- **TASK TO CARRY OUT**
Line by line, transcribe the data below exactly and pass over the images.

- **GIVEN DATA**
Segment Open

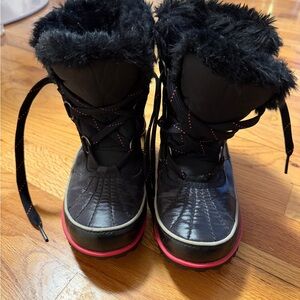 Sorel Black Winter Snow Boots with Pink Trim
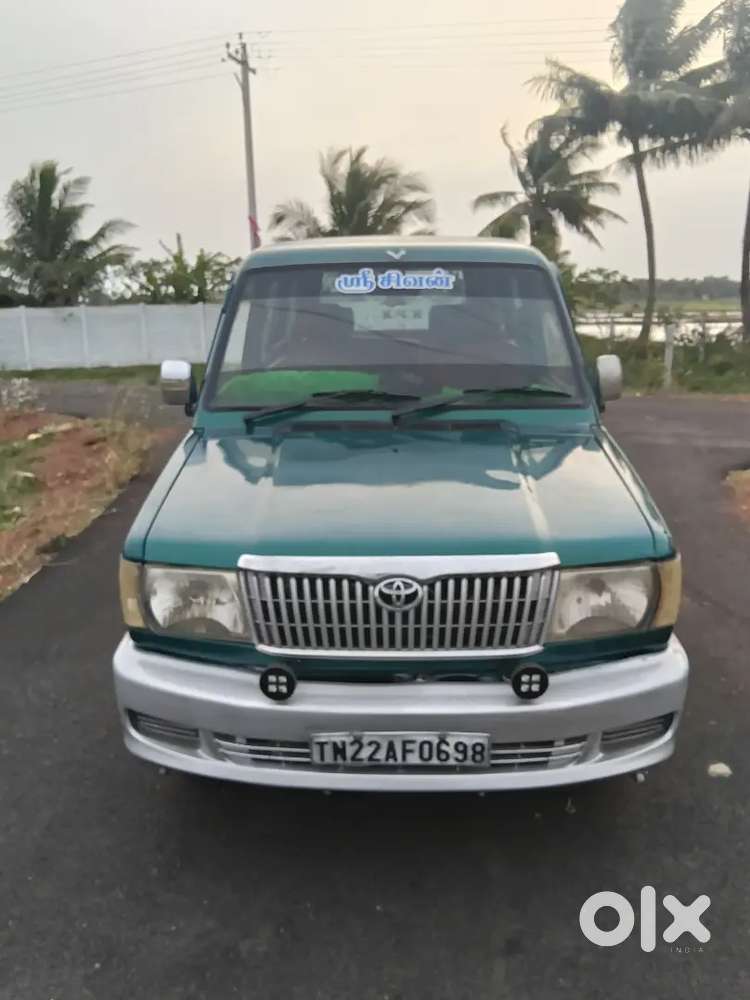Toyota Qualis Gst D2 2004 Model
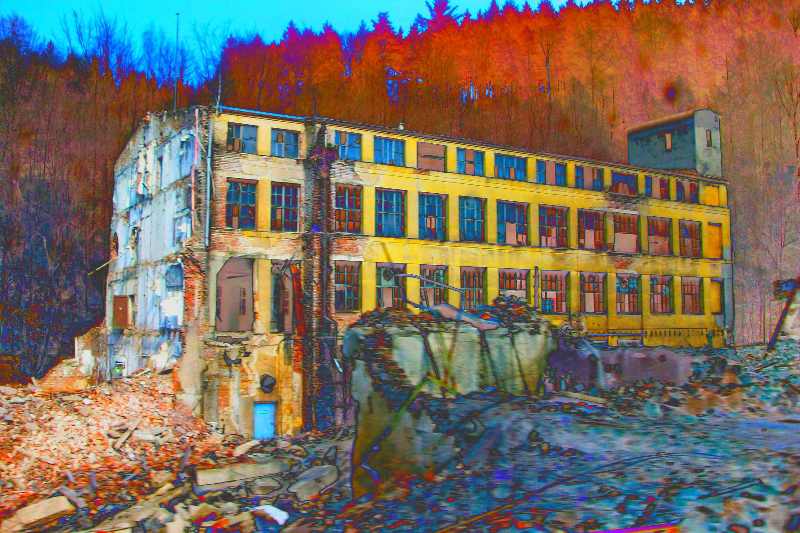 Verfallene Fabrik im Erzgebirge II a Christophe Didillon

Segment Closed

- **FINISHED EXERCISE**
 Sorel Black Winter Snow Boots with Pink Trim
Toyota Qualis Gst D2 2004 Model
 Verfallene Fabrik im Erzgebirge II a Christophe Didillon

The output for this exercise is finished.